[Scraped caption text data]
####################
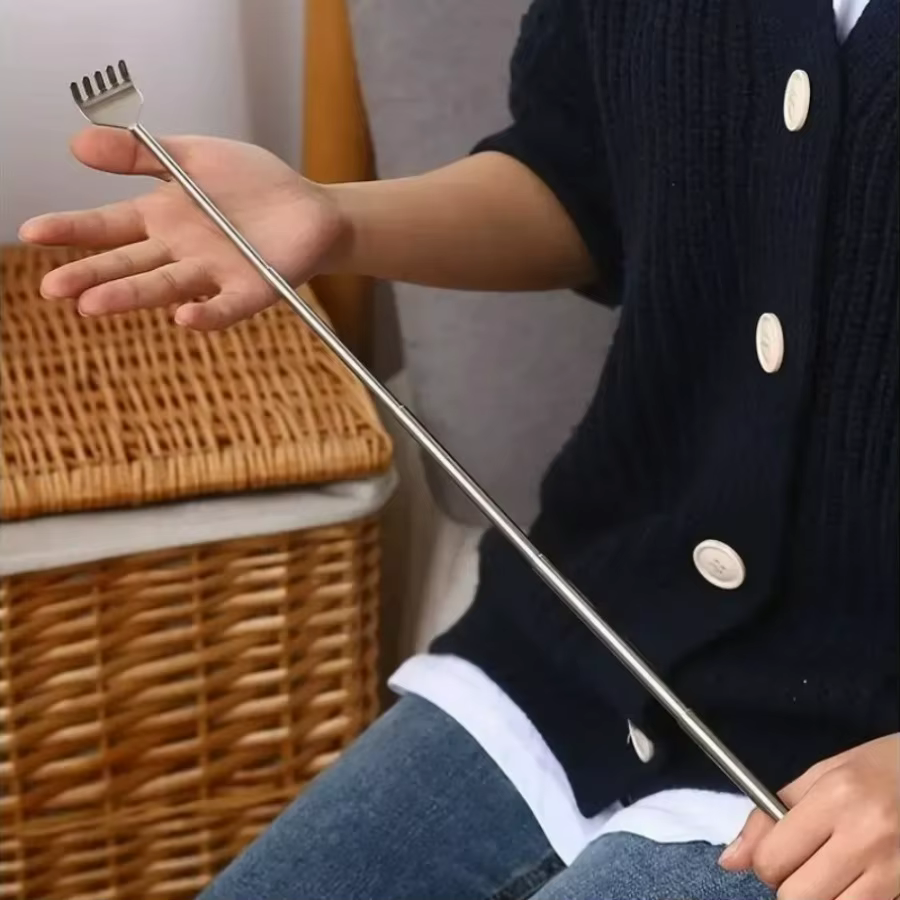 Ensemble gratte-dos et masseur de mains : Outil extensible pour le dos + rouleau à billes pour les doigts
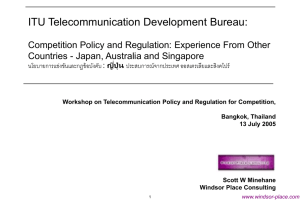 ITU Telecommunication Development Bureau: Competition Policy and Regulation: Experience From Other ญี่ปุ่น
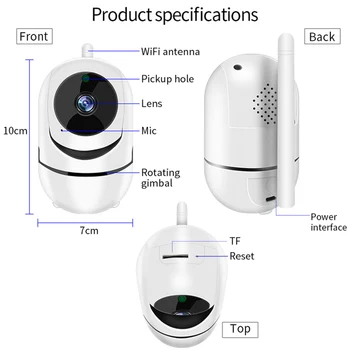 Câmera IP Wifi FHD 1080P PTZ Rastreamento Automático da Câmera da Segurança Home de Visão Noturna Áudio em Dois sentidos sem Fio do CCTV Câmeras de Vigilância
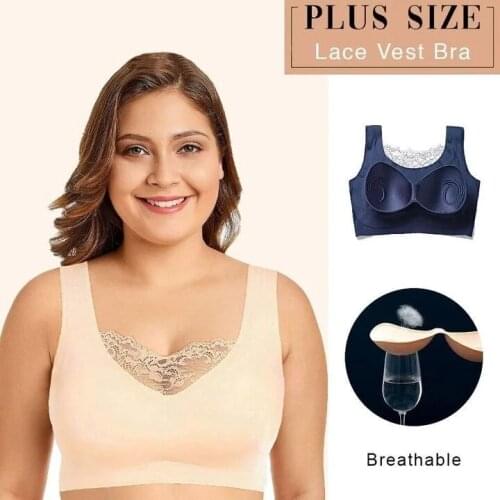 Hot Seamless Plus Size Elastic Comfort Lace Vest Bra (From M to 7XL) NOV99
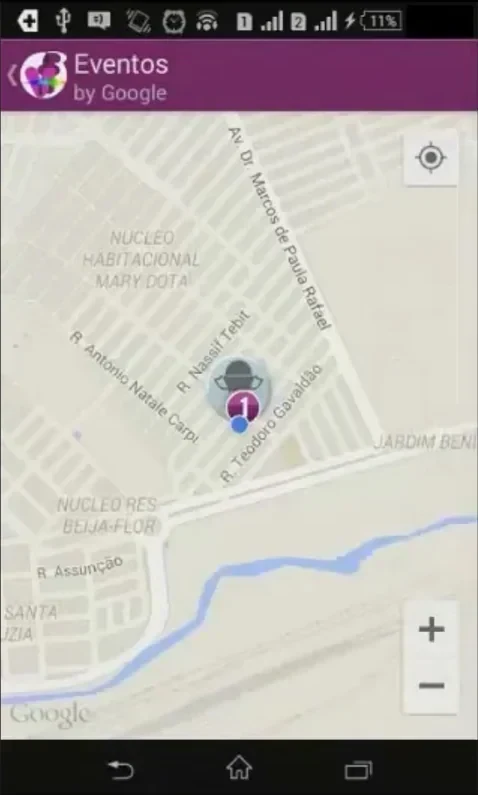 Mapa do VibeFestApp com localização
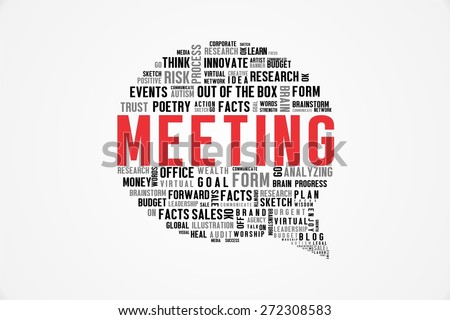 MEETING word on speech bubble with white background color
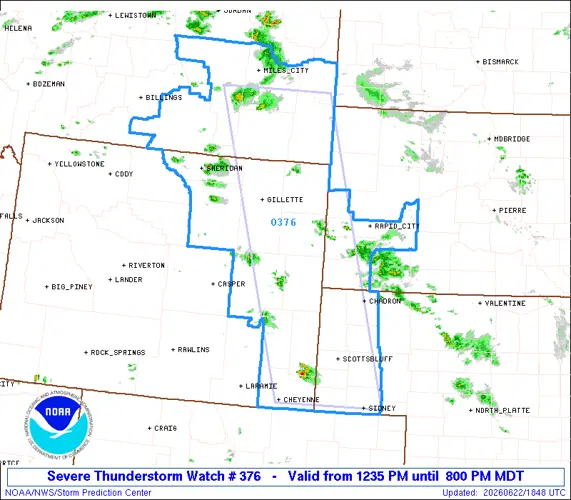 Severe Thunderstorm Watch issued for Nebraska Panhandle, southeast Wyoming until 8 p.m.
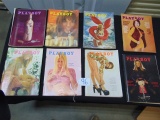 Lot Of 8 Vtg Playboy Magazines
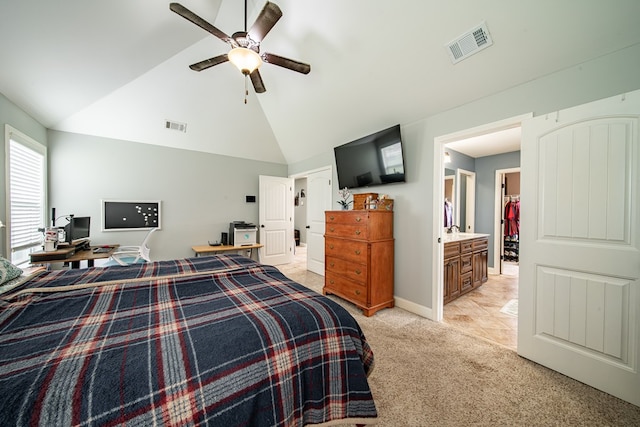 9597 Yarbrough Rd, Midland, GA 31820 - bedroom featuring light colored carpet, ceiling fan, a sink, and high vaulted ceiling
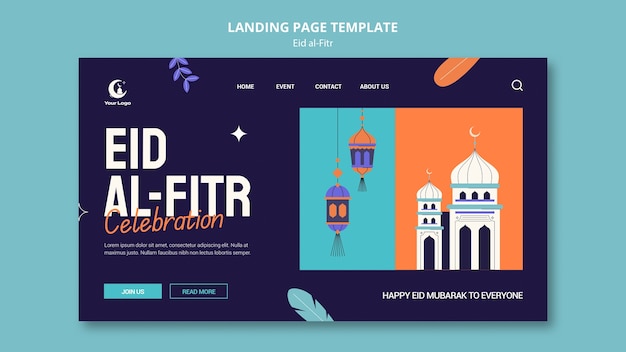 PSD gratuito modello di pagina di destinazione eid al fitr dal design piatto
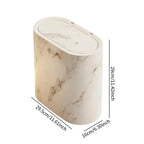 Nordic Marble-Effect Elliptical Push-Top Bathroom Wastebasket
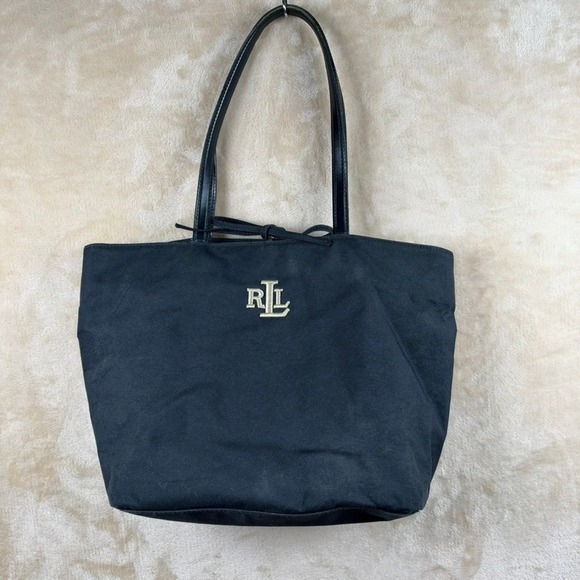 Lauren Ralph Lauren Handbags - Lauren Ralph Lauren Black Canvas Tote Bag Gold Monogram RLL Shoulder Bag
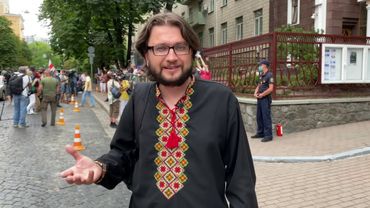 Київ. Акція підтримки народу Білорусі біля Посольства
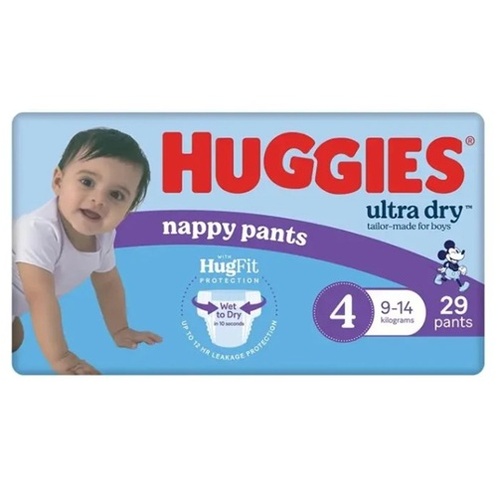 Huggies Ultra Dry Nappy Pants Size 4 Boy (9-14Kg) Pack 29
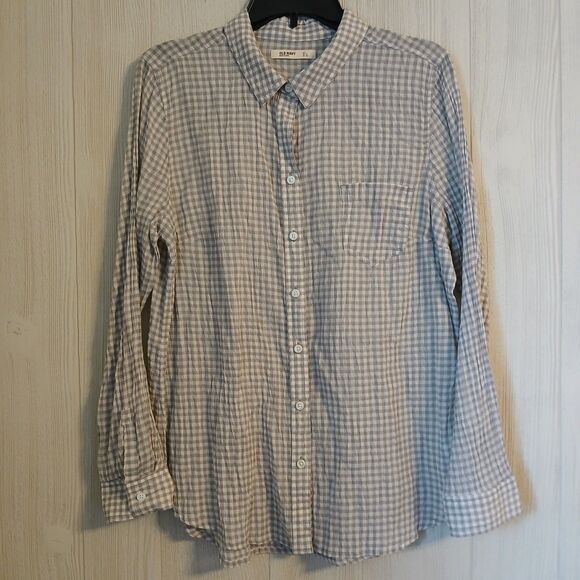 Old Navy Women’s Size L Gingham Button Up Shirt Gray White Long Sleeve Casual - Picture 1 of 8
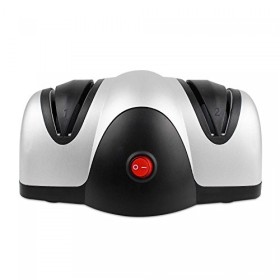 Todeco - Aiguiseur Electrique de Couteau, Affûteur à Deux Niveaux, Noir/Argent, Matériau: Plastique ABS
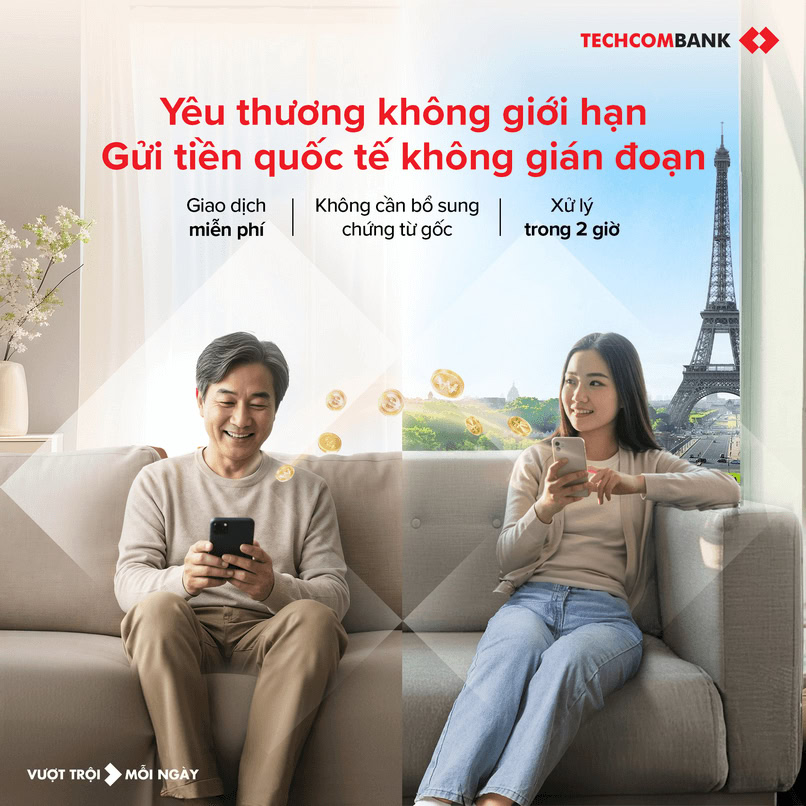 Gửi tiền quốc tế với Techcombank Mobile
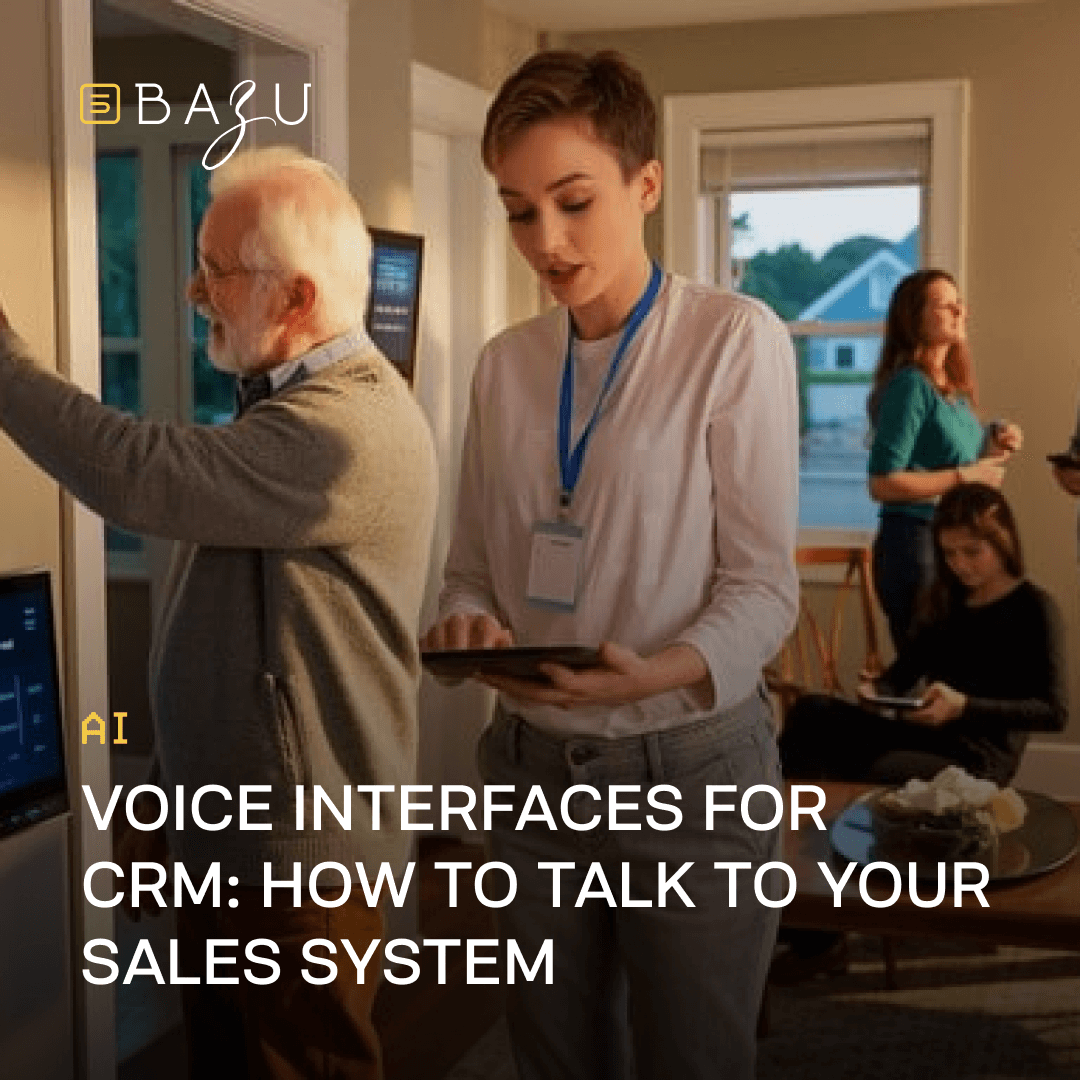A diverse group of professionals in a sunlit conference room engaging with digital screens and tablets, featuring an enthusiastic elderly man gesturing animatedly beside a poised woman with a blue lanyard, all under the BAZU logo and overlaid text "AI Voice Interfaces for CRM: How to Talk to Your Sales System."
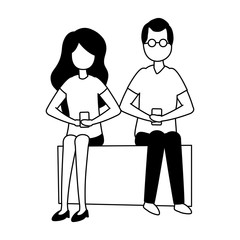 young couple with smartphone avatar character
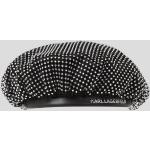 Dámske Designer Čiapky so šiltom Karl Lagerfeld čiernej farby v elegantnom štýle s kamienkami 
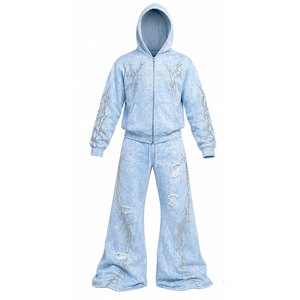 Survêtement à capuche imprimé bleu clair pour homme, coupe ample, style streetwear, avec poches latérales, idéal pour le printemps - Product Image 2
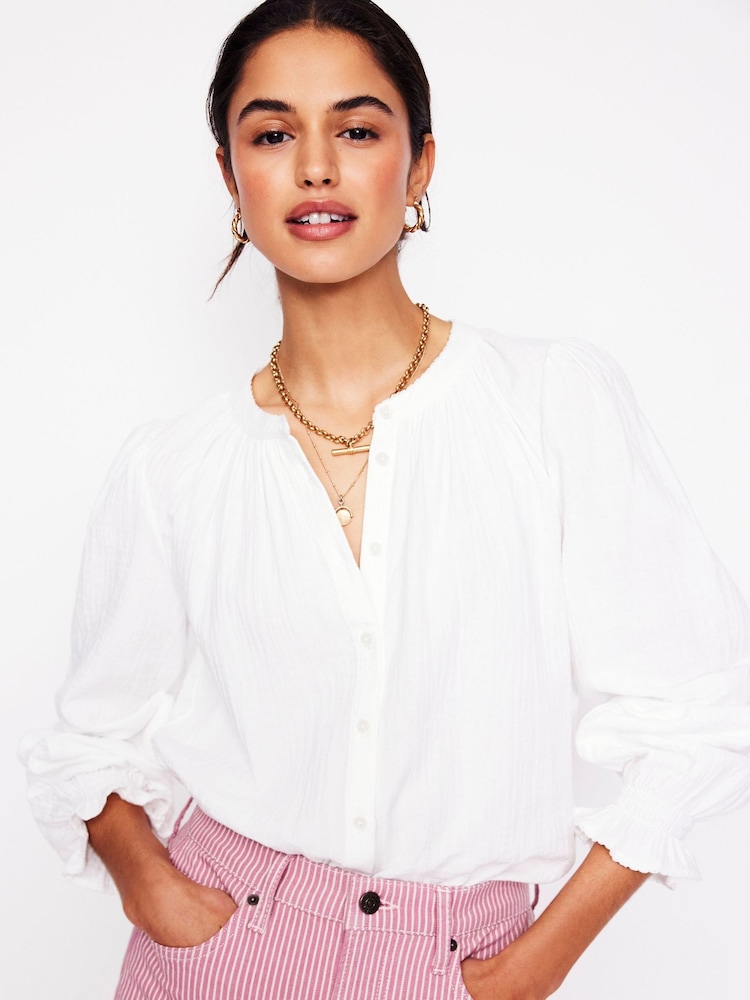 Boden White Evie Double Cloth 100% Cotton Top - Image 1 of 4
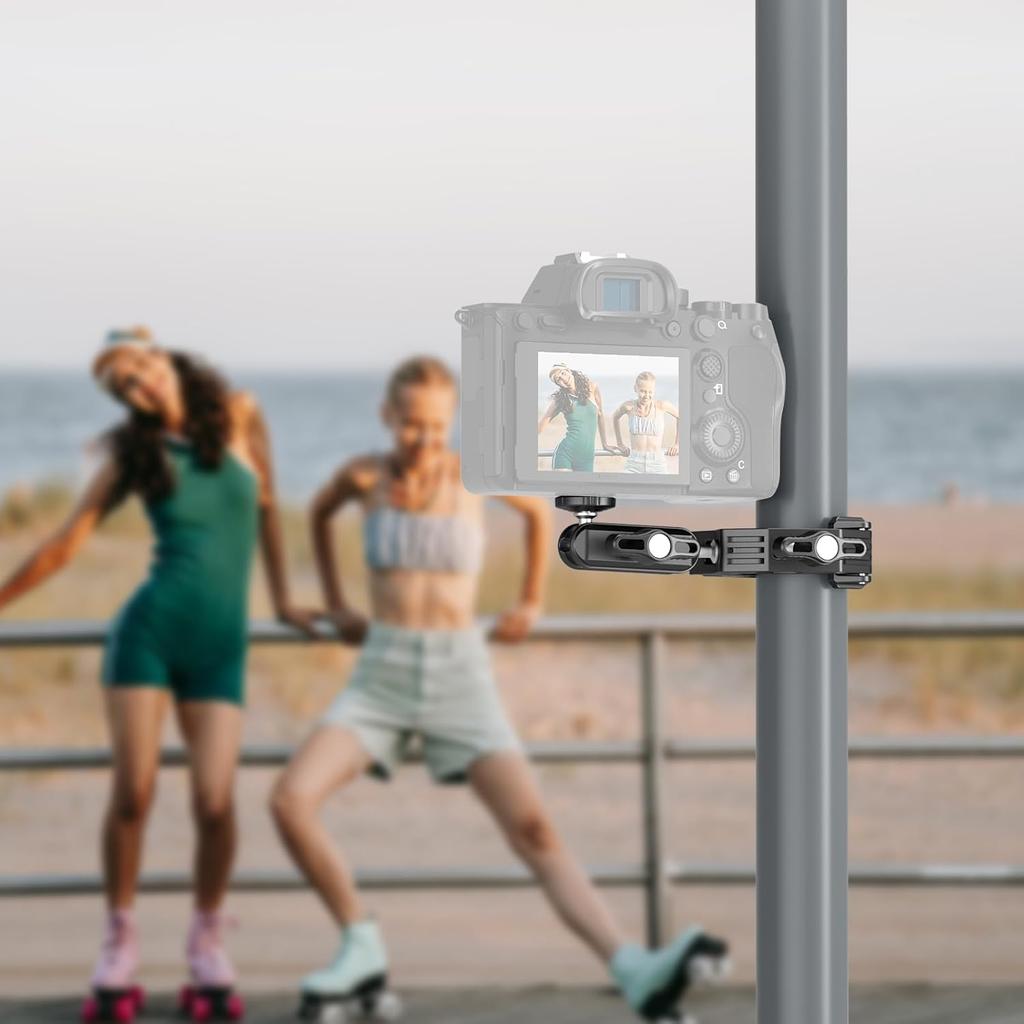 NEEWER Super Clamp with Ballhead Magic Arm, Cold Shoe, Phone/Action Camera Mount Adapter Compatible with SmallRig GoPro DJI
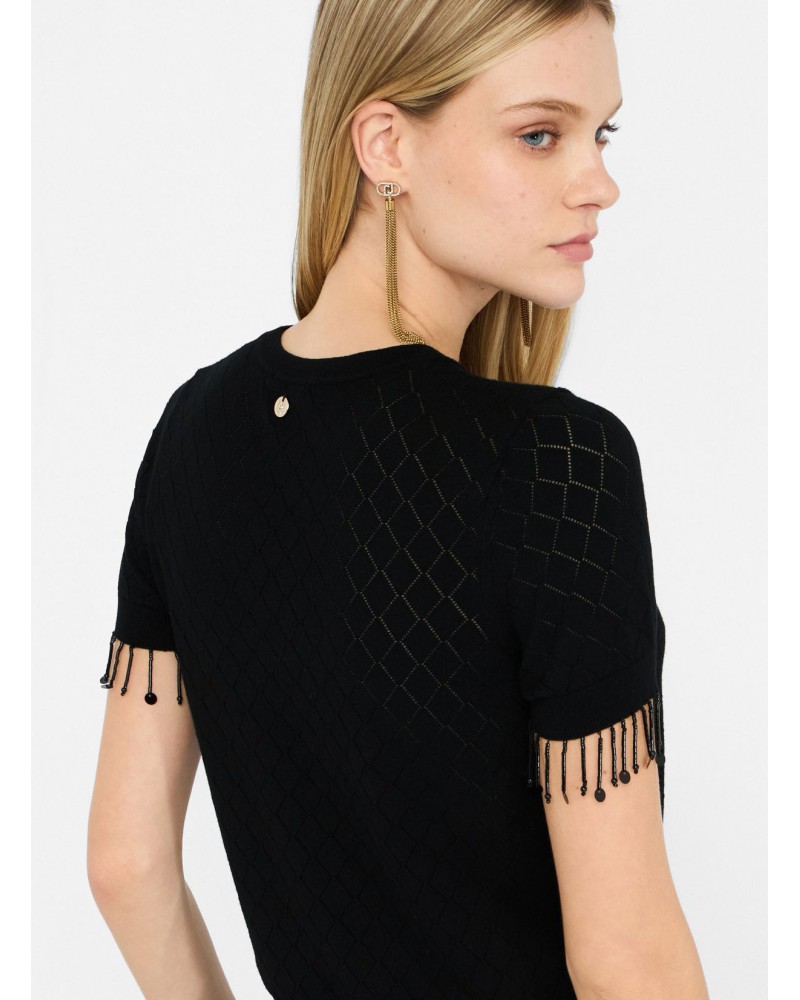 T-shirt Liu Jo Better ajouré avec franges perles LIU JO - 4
####################
### BRIEF
Your reply should consist solely of the lines above from the line containing "MEETING word on" up to and including the line containing "Gửi tiền quốc tế với Techcombank Mobile", reproduced exactly, minus the pictures.

### OUTPUT FOR THIS EXERCISE
 MEETING word on speech bubble with white background color
 Severe Thunderstorm Watch issued for Nebraska Panhandle, southeast Wyoming until 8 p.m.
 Lot Of 8 Vtg Playboy Magazines
 9597 Yarbrough Rd, Midland, GA 31820 - bedroom featuring light colored carpet, ceiling fan, a sink, and high vaulted ceiling
 PSD gratuito modello di pagina di destinazione eid al fitr dal design piatto
 Nordic Marble-Effect Elliptical Push-Top Bathroom Wastebasket
 Lauren Ralph Lauren Handbags - Lauren Ralph Lauren Black Canvas Tote Bag Gold Monogram RLL Shoulder Bag
 Київ. Акція підтримки народу Білорусі біля Посольства
 Huggies Ultra Dry Nappy Pants Size 4 Boy (9-14Kg) Pack 29
 Old Navy Women’s Size L Gingham Button Up Shirt Gray White Long Sleeve Casual - Picture 1 of 8
 Todeco - Aiguiseur Electrique de Couteau, Affûteur à Deux Niveaux, Noir/Argent, Matériau: Plastique ABS
 Gửi tiền quốc tế với Techcombank Mobile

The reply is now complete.